The main analysis included 446 participants, and the sensitivity analysis included 193 participants. The agreement between self-reported and reimbursement approval data for medication use was near-perfect in both analyses (κ = 0.87, 95% confidence interval (CI) 0.85, 0.90 and κ = 0.82, 95% CI 0.76, 0.88). However, the agreement between self-reported and reimbursement approval-documented MS types ranged from fair to moderate (κ = 0.37, 95% CI 0.25, 0.48 to κ = 0.61, 95% CI 0.46, 0.77). The accuracy estimates for self-reported DMT use were generally high (≥ 0.80) with narrow CIs, except for less frequently reported drugs. While the sensitivity and specificity for RRMS were high, there was a notable possibility of false-negative self-reports for RRMS (NPV = 0.33, 95% CI 0.22, 0.45), and false-positive reports for SPMS (PPV = 0.36, 95% CI 0.21, 0.54). Multivariable logistic regression models showed that age (OR = 1.07, 95% CI 1.04, 1.10 per year) and education level (OR = 0.27, 95% CI 0.11, 0.65) were associated with discordance in reported and documented MS types, whereas possession of Swiss citizenship (OR = 0.32, 95% CI 0.14, 0.72) was associated with discordance in DMT use.

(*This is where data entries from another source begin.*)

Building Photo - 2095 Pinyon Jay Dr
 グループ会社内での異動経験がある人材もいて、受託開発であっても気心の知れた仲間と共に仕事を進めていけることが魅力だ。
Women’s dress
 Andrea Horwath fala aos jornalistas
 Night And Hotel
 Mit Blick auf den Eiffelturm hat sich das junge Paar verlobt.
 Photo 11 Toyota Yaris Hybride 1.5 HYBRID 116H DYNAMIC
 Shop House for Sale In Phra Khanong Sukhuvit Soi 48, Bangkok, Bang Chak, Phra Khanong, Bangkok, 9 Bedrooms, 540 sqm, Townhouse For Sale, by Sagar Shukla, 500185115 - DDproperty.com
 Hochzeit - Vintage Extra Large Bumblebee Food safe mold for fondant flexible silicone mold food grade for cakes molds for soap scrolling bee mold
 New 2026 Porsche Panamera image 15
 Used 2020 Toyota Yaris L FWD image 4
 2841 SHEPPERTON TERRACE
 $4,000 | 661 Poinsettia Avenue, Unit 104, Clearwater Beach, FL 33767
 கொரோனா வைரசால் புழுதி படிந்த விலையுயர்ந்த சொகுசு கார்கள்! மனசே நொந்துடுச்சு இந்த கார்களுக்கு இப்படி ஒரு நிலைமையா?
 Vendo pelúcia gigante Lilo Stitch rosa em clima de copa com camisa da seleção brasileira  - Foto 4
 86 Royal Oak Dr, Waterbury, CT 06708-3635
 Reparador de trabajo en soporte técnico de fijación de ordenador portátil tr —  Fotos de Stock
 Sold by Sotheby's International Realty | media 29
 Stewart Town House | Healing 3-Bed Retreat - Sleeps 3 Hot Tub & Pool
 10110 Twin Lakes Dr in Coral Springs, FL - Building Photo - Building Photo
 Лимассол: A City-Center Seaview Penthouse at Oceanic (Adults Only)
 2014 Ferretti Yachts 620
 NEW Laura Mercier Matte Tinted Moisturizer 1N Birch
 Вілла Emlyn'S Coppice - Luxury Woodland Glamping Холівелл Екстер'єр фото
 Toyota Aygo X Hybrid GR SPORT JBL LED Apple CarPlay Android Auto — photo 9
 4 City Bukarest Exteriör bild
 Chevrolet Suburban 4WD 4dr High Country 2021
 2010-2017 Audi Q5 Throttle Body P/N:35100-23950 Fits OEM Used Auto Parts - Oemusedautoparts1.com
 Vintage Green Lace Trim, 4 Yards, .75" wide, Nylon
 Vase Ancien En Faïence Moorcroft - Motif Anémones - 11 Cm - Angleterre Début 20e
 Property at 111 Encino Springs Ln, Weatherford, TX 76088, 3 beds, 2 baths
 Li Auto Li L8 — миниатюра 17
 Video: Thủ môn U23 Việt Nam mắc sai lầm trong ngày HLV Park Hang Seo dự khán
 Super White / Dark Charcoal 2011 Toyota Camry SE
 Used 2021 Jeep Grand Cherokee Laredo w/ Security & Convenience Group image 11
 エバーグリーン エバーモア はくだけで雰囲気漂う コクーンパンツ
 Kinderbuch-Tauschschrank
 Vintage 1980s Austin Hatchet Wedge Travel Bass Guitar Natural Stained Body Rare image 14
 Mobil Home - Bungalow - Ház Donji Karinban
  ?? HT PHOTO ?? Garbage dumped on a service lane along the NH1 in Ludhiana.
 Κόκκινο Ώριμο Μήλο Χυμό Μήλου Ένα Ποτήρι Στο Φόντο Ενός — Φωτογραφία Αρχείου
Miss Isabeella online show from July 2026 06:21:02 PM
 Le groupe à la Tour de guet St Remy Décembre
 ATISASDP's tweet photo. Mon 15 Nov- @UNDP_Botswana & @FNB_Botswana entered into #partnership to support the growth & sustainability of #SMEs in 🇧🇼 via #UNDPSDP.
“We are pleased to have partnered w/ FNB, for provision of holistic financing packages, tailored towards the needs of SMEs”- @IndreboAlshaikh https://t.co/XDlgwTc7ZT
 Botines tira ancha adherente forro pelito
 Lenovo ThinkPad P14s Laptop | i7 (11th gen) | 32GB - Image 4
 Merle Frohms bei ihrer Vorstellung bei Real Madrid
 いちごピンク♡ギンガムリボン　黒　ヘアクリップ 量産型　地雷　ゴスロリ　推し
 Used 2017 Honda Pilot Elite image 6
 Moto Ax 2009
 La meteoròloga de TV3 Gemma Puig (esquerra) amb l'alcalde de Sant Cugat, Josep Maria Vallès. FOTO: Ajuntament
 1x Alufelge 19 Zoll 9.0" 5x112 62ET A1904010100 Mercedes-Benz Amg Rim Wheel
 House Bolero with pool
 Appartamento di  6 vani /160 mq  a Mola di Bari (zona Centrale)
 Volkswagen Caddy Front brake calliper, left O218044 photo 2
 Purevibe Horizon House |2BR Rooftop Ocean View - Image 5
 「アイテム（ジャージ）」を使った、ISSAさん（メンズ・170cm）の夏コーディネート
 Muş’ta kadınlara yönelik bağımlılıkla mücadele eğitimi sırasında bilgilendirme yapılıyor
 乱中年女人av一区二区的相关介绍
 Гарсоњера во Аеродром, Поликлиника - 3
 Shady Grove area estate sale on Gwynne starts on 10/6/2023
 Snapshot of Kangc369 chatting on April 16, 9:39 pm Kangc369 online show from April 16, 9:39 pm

Self-reported DMT use in pwMS is a reliable and valid information source, with near-perfect agreement and high accuracy. Self-reported MS types showed fair to moderate agreement and varying accuracy, likely reflecting the complexity of diagnosing progressive forms of MS and access to DMTs. In population-based MS research, self-reports of MS types, and particularly DMT use, can serve as a suitable surrogate for healthcare provider data.
自我报告是一种有价值且具成本效益的数据收集方法,尽管可能会受到偏差影响。关于多发性硬化症患者(pwMS)自我报告的质量,现有证据有限,特别是自从引入了更有效的疾病修正疗法(DMTs)以来。本研究旨在通过比较瑞士多发性硬化症登记处(SMSR)中的自我报告与瑞士健康保险公司联合任务协会的报销批准申请,评估自我报告的DMT使用情况和多发性硬化症(MS)类型的可靠性和有效性。
基于两个数据库中都有的信息,即出生日期、居住州、性别和MS诊断年份,使用隐私保护方法将自我报告数据与报销批准数据相链接。SMSR基线调查问卷数据用于主要分析,而SMSR随访调查数据用于敏感性分析。对于这两种分析,我们将自我报告数据与对应于SMSR数据收集各个时期的报销批准数据进行比较。因此,主要分析包括六年期间的全部数据,而敏感性分析获取了数据的更近期快照。为了评估可靠性,我们使用科恩kappa系数估计一致性,为了评估有效性,我们以报销批准为参考标准估计准确性参数。在主要分析中,采用单变量和多变量逻辑回归模型来研究与自我报告和报销批准之间不一致相关的因素。
主要分析纳入了446名参与者,敏感性分析纳入了193名参与者。在两项分析中,药物使用的自我报告数据与报销批准数据之间的一致性近乎完美(κ = 0.87,95%置信区间(CI)0.85,0.90和κ = 0.82,95% CI 0.76,0.88)。然而,自我报告的和报销批准记录的MS类型之间的一致性从中度到高度不等(κ = 0.37,95% CI 0.25,0.48至κ = 0.61,95% CI 0.46,0.77)。自我报告的DMT使用的准确性估计通常较高(≥ 0.80)且置信区间较窄,但对于报告频率较低的药物除外。虽然复发缓解型多发性硬化症(RRMS)的敏感性和特异性较高,但RRMS自我报告出现假阴性的可能性显著(阴性预测值 = 0.33,95% CI 0.22,0.45),继发进展型多发性硬化症(SPMS)出现假阳性报告的可能性(阳性预测值 = 0.36,95% CI 0.21,0.54)。多变量逻辑回归模型显示,年龄(比值比(OR) = 1.07,每年95% CI 1.04,1.10)和教育水平(OR = 0.27,95% CI 0.11,0.65)与报告的和记录的MS类型不一致相关,而拥有瑞士公民身份(OR = 0.32,95% CI 0.14,0.72)与DMT使用不一致相关。
pwMS自我报告的DMT使用是一个可靠且有效的信息来源,具有近乎完美的一致性和较高的准确性。自我报告的MS类型显示出从中度到高度的一致性以及不同的准确性,这可能反映了诊断进展型MS形式和获得DMTs的复杂性。在基于人群的MS研究中,MS类型的自我报告,特别是DMT使用情况,可作为医疗服务提供者数据的合适替代。